That analysis was already under way, and is continuing. It is reflected in our October 1984 Scientific American article and in our book, The Fallacy of Star Wars. When our witness testified, there was little point in going over these errors yet again.13
The allegation that we systematically tilted the case against “the President’s plan” is untrue. In fact, we granted it every benefit of the doubt allowed by the laws of physics: beams that would be aimed instantly from one booster to the next without ever missing; laser weapons having a lethality far beyond that for which not even conceptual designs exist; no redundancy to compensate for attrition due to enemy action; no growth in the size and capability of the Soviet ICBM force. No military system in history has ever attained the level of perfection that we granted to “the President’s plan.” (One of us, Richard L. Garwin, even made an original suggestion that greatly improves the prosspects for the ground-based laser scheme.)
Mr. Jastrow opens his attack on our treatment of countermeasures by admitting that “I am not an expert in this dark area,” and then reveals that (always anonymous) professionals of his acquaintance “regard many of [the UCS] proposals as bordering on inanity.” His rendition of our treatment of countermeasures is another caricature. It is he who emphasizes “tricks” like spinning the missile or “putting a shine on it.” We focused on techniques that would prevent accurate targeting on the booster, on measures that would greatly increase the power levels needed for destruction, and on the inherent vulnerability of spacecraft. He would also have readers believe that decoy balloons are a kind of schoolboy prank, but in reality they have been studied for over two decades14 by “defense professionals,” and are taken very seriously.
This picture of us as babes in the cruel woods of countermeasures does not wash. One of us (Richard L. Garwin) recently participated in the Discrimination Countermeasures Panel of the Army’s BMD Program Office. We (in particular Richard L. Garwin and Kurt Gottfried) have had repeated contacts with senior members of the Fletcher panel. They have given our countermeasure suggestions serious consideration in those few cases where they had not already been studied by the panel. Since some of these men are devoted advocates of SDI, and not shy, we wonder why these charges of “inanity” have not been voiced in public, but have been whispered only into Mr. Jastrow’s ear.

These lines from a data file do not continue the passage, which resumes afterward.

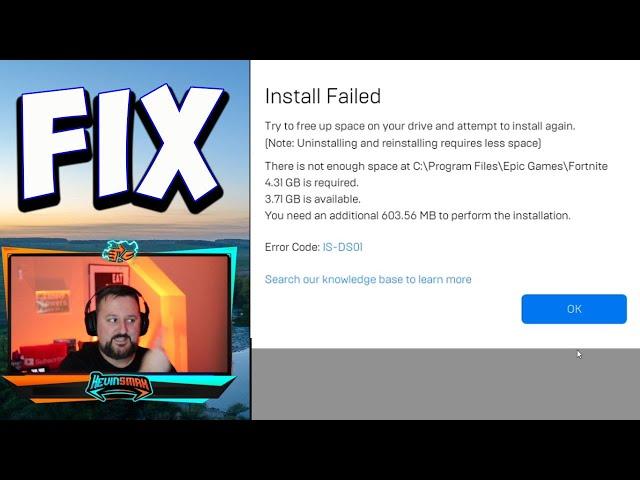 Fortnite Install Failed NOT Enough SPACE - FIX ️ Chapter 2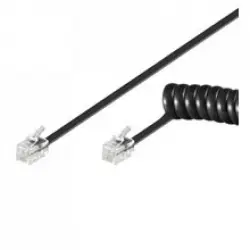 Goobay Cable Telefónico en Espiral de 4 hilos RJ10 7m Negro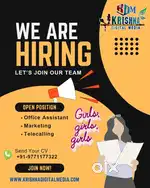 Need a girl staff & Marketing boy in Laheriasarai for office Works.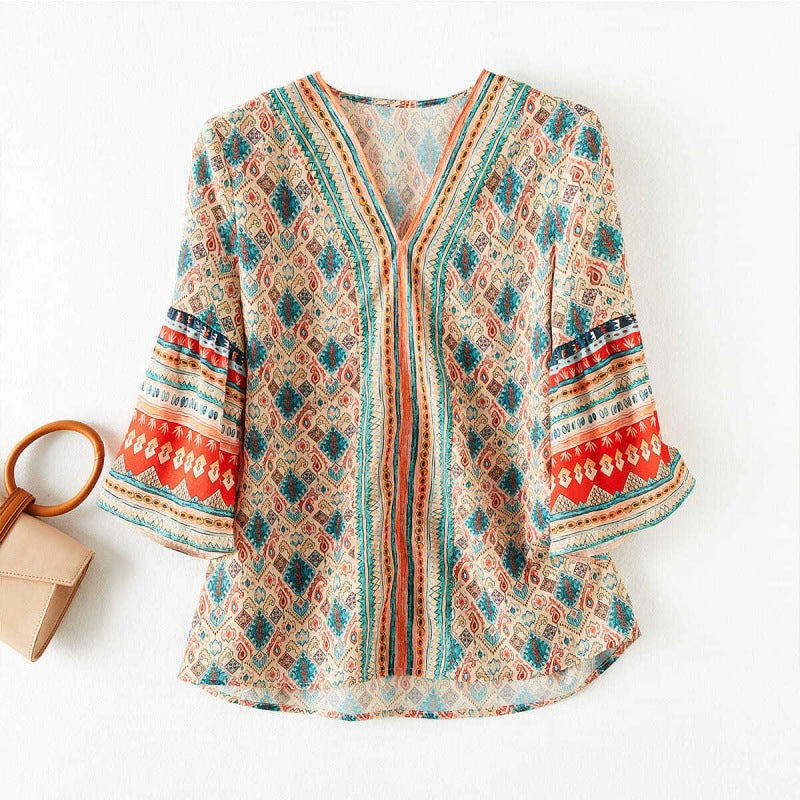 V-neck Loose Flare Three-quarter Sleeve Blouse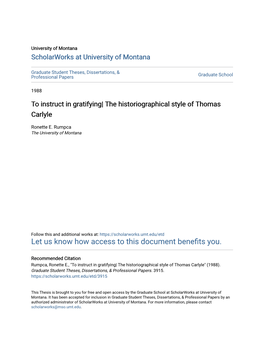 The Historiographical Style of Thomas Carlyle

Mr. Jastrow seems perplexed as to how some of “the giants of 20th-century physics” could have “lent their names” to an effort that is “pretty good for high-school students, but not good enough to stand up to more than a thirty-minute scrutiny by the defense professionals.” He attempts to resolve his paradox by quoting Lowell Wood of Livermore: “Is Hans Bethe a good physicist? Yes, he’s one of the best alive. Is he a rocket engineer? No. Is he a military-systems engineer? No. Is he a general? No.”
As this quotation is intended to discredit all our work on these matters, we reluctantly respond. Three of us (Hans A. Bethe, Richard L. Garwin, and Henry W. Kendall) have together had a total of over eight decades of extensive experience with a wide variety of military systems, including BMD technologies and countermeasures, extending to nuclear-weapons designs and effects and missile-and-reentry-vehicle development. Another (Carl Sagan) has a twenty-five-year continuing involvement in the development of major U.S. space projects. While none of us is a general (in contrast, we presume, to Messrs. Jastrow and Wood), a member of our study panel, Noel Gayler, is an admiral who has served as Commander-in-Chief of all U.S. forces in the Pacific, Director of the National Security Agency, Assistant Chief of Naval Operations for Research and Development, and as Deputy Director of the Joint Strategic Target Planning Staff, which is responsible for the operational plans for all our strategic-nuclear forces.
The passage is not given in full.